Task details:
Exactly as written, print every line of the listing below and omit its pictures.

Given records:
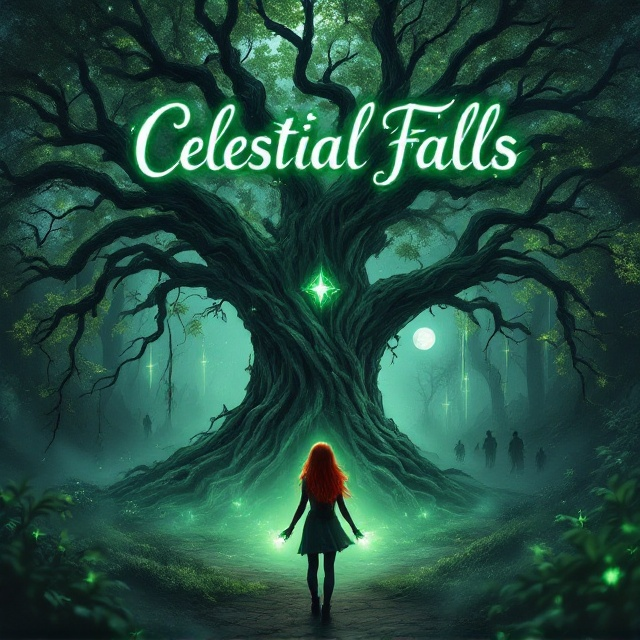 The cover depicts a mystical forest illuminated by soft moonlight, centered around an ancient, towering oak tree exuding a faint green ethereal light. The tree's twisted branches form a protective arch, shrouded in an enchanting mist, giving it a mysterious aura. In the foreground stands a teenage girl with vibrant red hair and green glowing hands, her back turned to the viewer, intently gazing at the tree. Shadowy figures subtly emerge from the mist, suggesting hidden dangers.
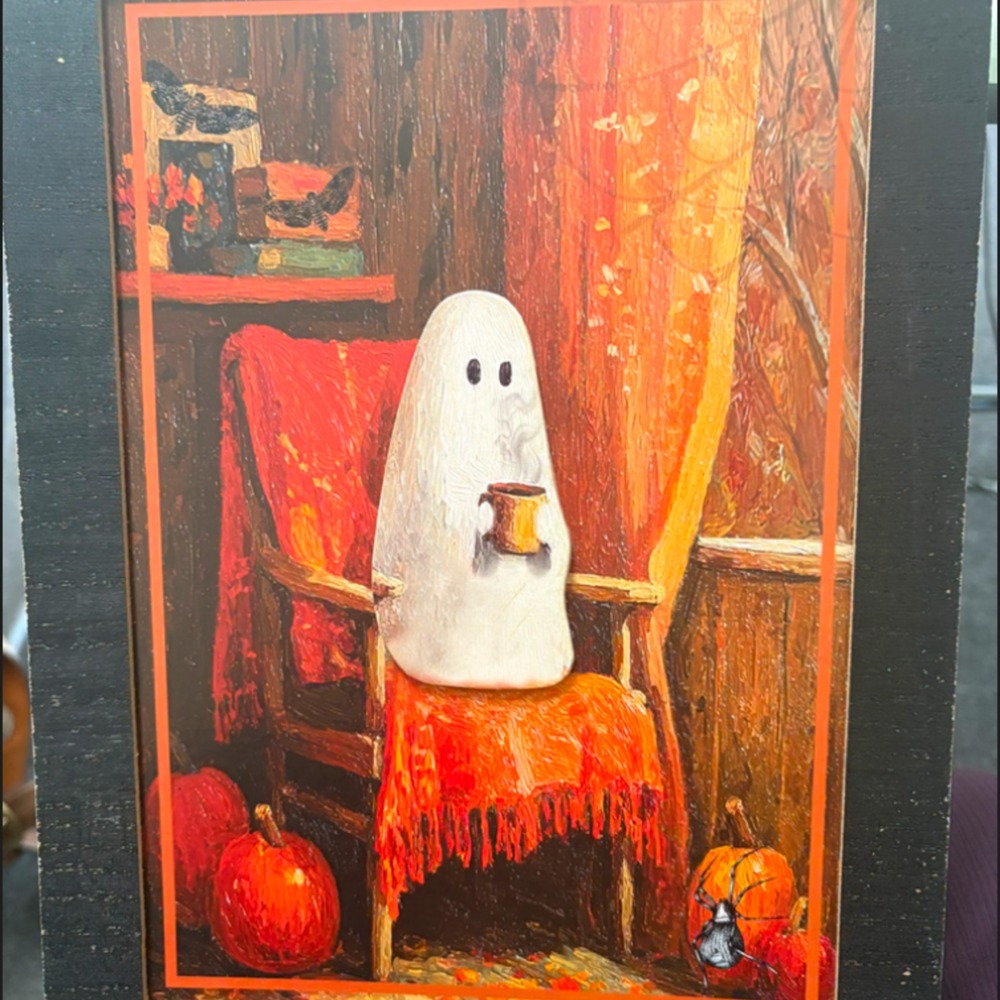 Cozy Ghost Halloween Framed Art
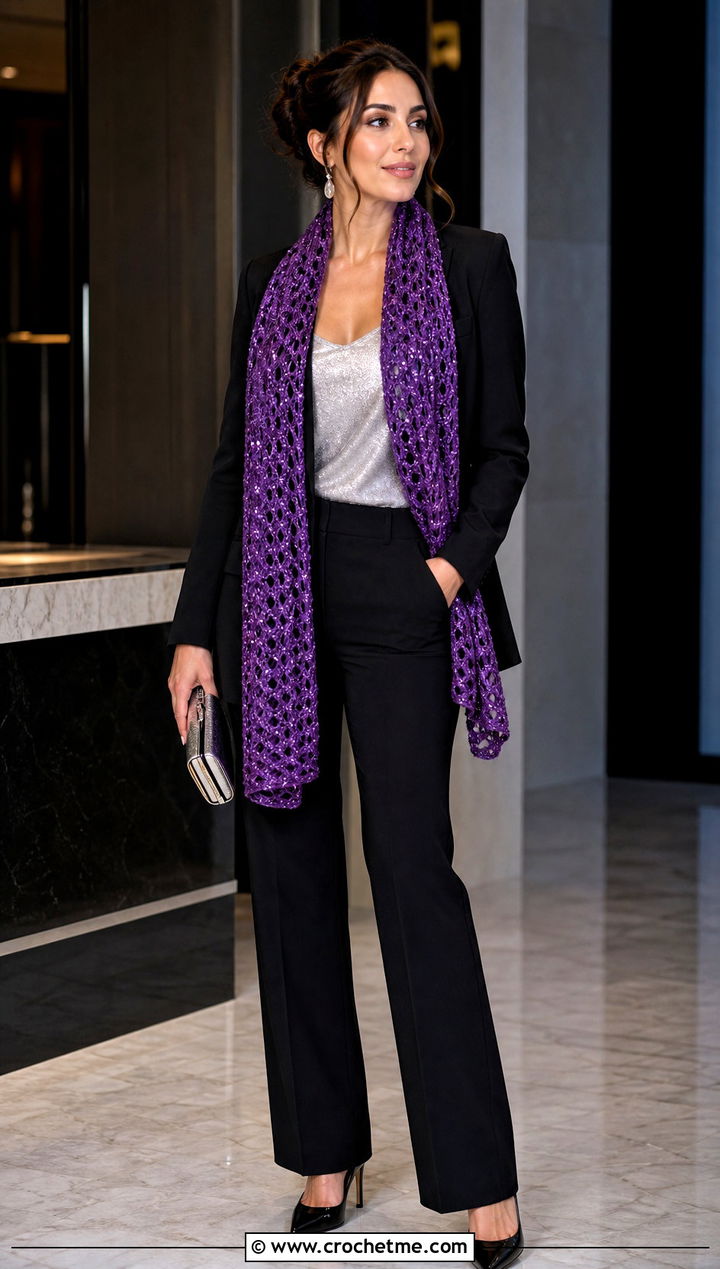 Metallic Thread Crochet Scarf With Suit And Heels - 35 small crochet scarf outfit ideas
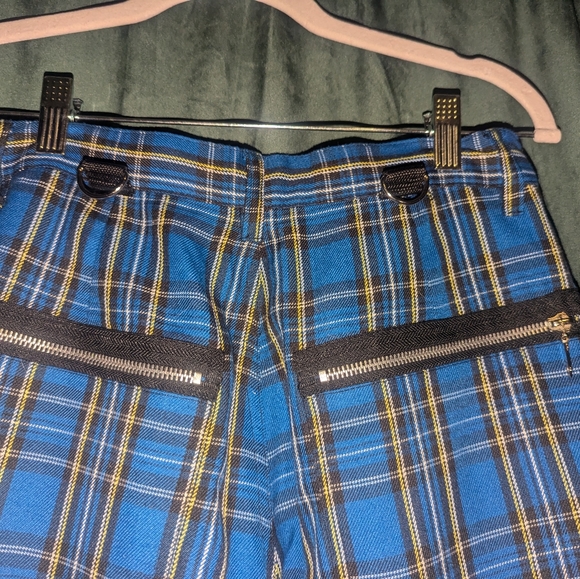 Morbid Threads Y2K Goth Grudge blue Plaid Zipper Pockets Pants Men's size 28 - Picture 5 of 7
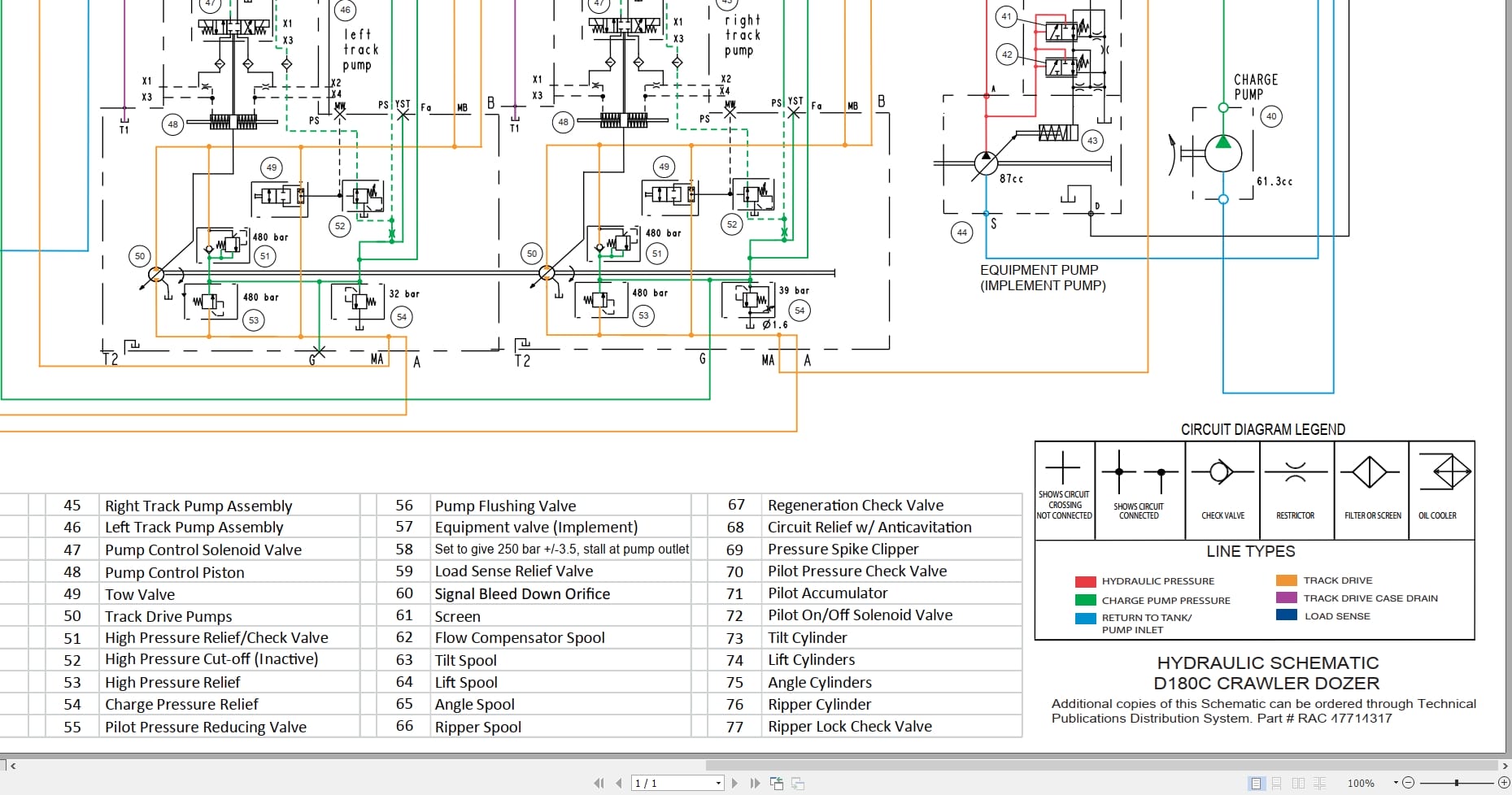 Case Crawler Dozer D180C Hydraulic Schematic RAC47714317 (1)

Task output:
 The cover depicts a mystical forest illuminated by soft moonlight, centered around an ancient, towering oak tree exuding a faint green ethereal light. The tree's twisted branches form a protective arch, shrouded in an enchanting mist, giving it a mysterious aura. In the foreground stands a teenage girl with vibrant red hair and green glowing hands, her back turned to the viewer, intently gazing at the tree. Shadowy figures subtly emerge from the mist, suggesting hidden dangers.
 Cozy Ghost Halloween Framed Art
 Metallic Thread Crochet Scarf With Suit And Heels - 35 small crochet scarf outfit ideas
 Morbid Threads Y2K Goth Grudge blue Plaid Zipper Pockets Pants Men's size 28 - Picture 5 of 7
 Case Crawler Dozer D180C Hydraulic Schematic RAC47714317 (1)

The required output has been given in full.